9:35 am on Jun 22, 2004 (gmt 0)



My site is being crawled by about 20 yahoo spiders and they are all hitting the same pages and they are now using about 30% of my bandwidth. Can any one explain what is going on or have a similar experience.
(30,000 pages today).

I don't even get more than a handful of hits from yahoo generally so I don't know what they are doing.

IP addresses used are 66.163.170.170 and ,165,172 etc.
which are part of yahoo.com when I do a nslookup.

The agent is
Yahoo-VerticalCrawler-FormerWebCrawler/3.9 crawler at trd dot overture dot com; [alltheweb.com...]

Span

8:51 am on Jun 23, 2004 (gmt 0)

WebmasterWorld Senior Member 10+ Year Member



I have not seen it hammering but it looks like it's a buggy crawler. I've seen it replacing dashes with slashes, asking for pages with a slash behind it (page.html/) or changing 9-digit filenames into 8 digits..

dhatz

9:38 am on Jun 23, 2004 (gmt 0)

10+ Year Member



"Buggy crawler"?

I really don't get any of this.

I get lots of crawler hits by "amateurish" local (greek) crawlers and they're all WELL BEHAVED, i.e. follow robots.txt, limit requests to e.g. 1 every 5 seconds, support Last-Modified headers to give http 304, follow 301/302 etc.
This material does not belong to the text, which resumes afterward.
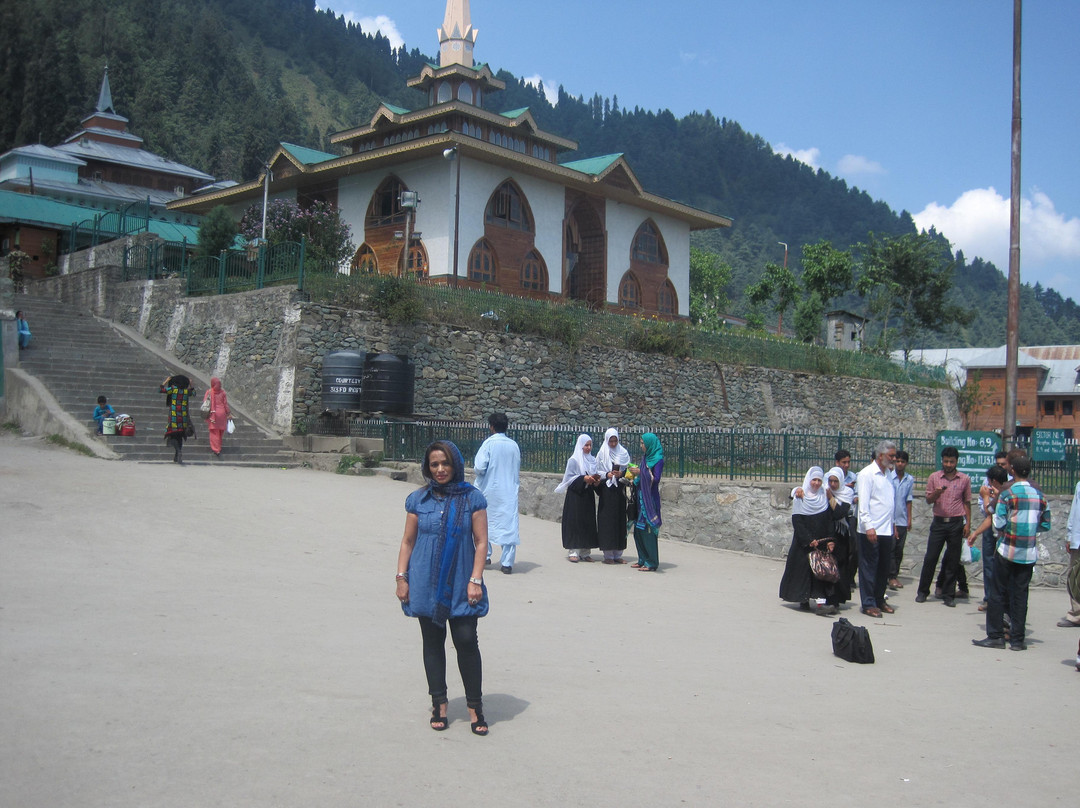 Baba Reshi Shrine-贡马必去景点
On the other hand, from the big boys, ONLY GOOGLEBOT is well behaved!

A complaint I have with Yahoo is with their http 404 error testing or whatever that is. Plus the handling of 301/302 redirects.

I have a site where I chose to name the files using numbers, or a letter and numbers, e.g. b1562.html. On that particular site, 15% of all Slurp requests are 404s as it keeps requesting non-existant files.
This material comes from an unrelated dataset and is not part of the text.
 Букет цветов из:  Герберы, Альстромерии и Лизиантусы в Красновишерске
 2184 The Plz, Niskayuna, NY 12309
Inktomi was much worse, at one point it was responsible for 10% of the bandwidth of the site. Also, Inktomi/Slurp used to never create 304 on my sites, just 200. Recently I see several 304s so it's getting better.

I noticed that Ink/Slurp will try to view the directory listing, i.e. if I have a URL like

[mysite.tld...]

it'll send a request for

[mysite.tld...]

and I've explicitly allowed directory browsing for Slurp, to HELP it quickly determine which files had new timestamp. Downside: It followed the links from directory browsing to include some "orphan" files (ie not linked from anywhere)
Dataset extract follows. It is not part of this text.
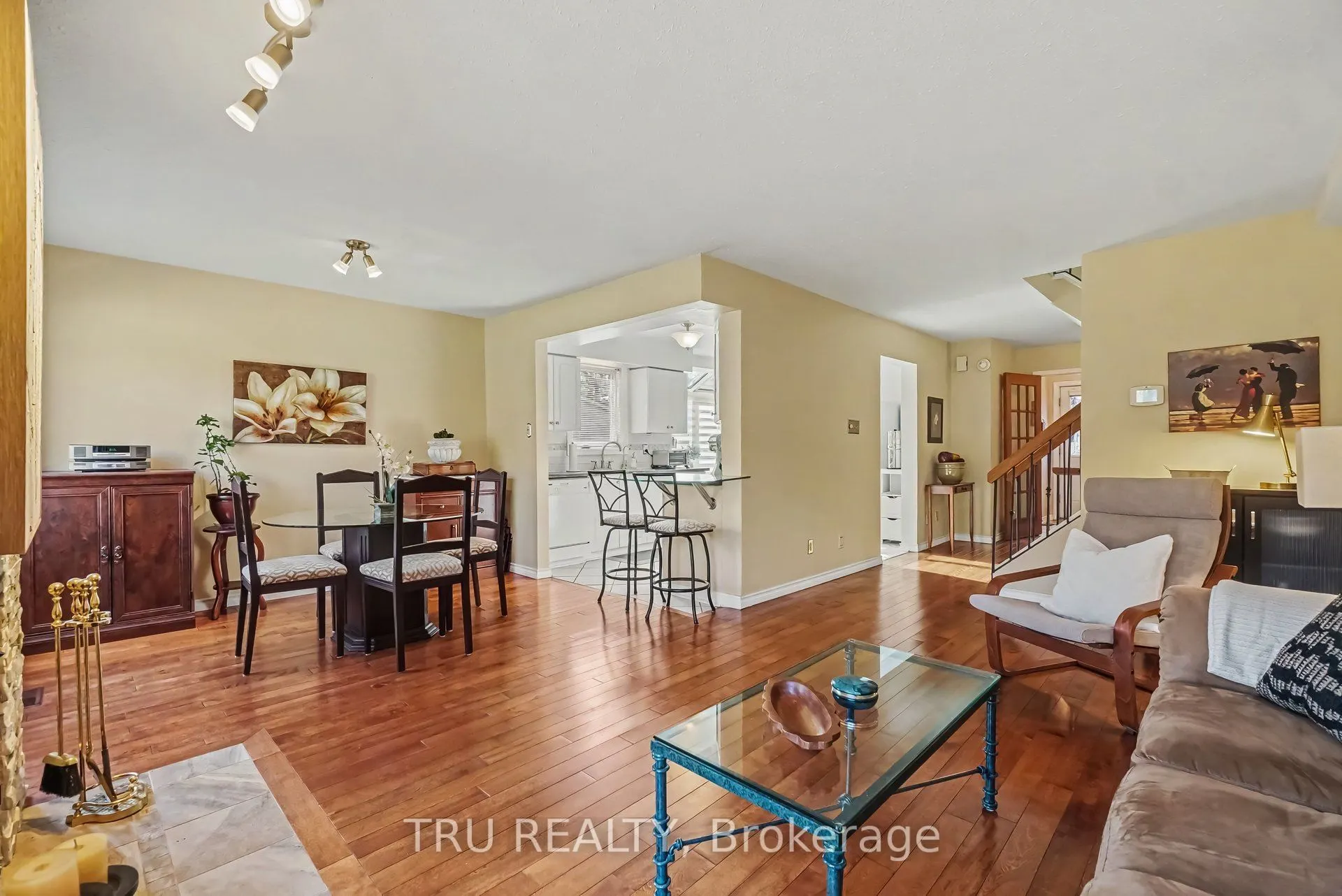 710 Coronation Avenue #10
MSNBOT is the most annoying sofar. I blocked it after it had generated 25.000 page hits on a 4.000 page site, in just 10 days. 99% of the pages had not changed during that time, yet it downloaded all of them with http 200 code.

Unbelievable!

dhatz

11:29 am on Jun 23, 2004 (gmt 0)

10+ Year Member



Just re-checked this, out of 1075 page hits by Slurp, 427 were requesting an invalid URL. In a site with less than 4000 files!

Addition: I tend to think it's a "flag", when Slurp suspects it could be a against a big machine-generated junk-site or something.

I have another, much bigger site, where I also name files using numbers and a few letters, and my stats show 3210 page hits by Slurp and NONE of them is looking for non-existant files (unless following broken links ofcourse)

This is imo a leftover of Inktomi into Slurp, which exhibited this "bug" on that site and that site only. On other sites, it does well.

[edited by: dhatz at 11:44 am (utc) on June 23, 2004]

trillianjedi

11:36 am on Jun 23, 2004 (gmt 0)

WebmasterWorld Senior Member 10+ Year Member



My site is being crawled by about 20 yahoo spiders and they are all hitting the same pages and they are now using about 30% of my bandwidth.

Spans post above may well be the answer, but also worth checking you're not serving yahoobot with any kind of Session ID.

TJ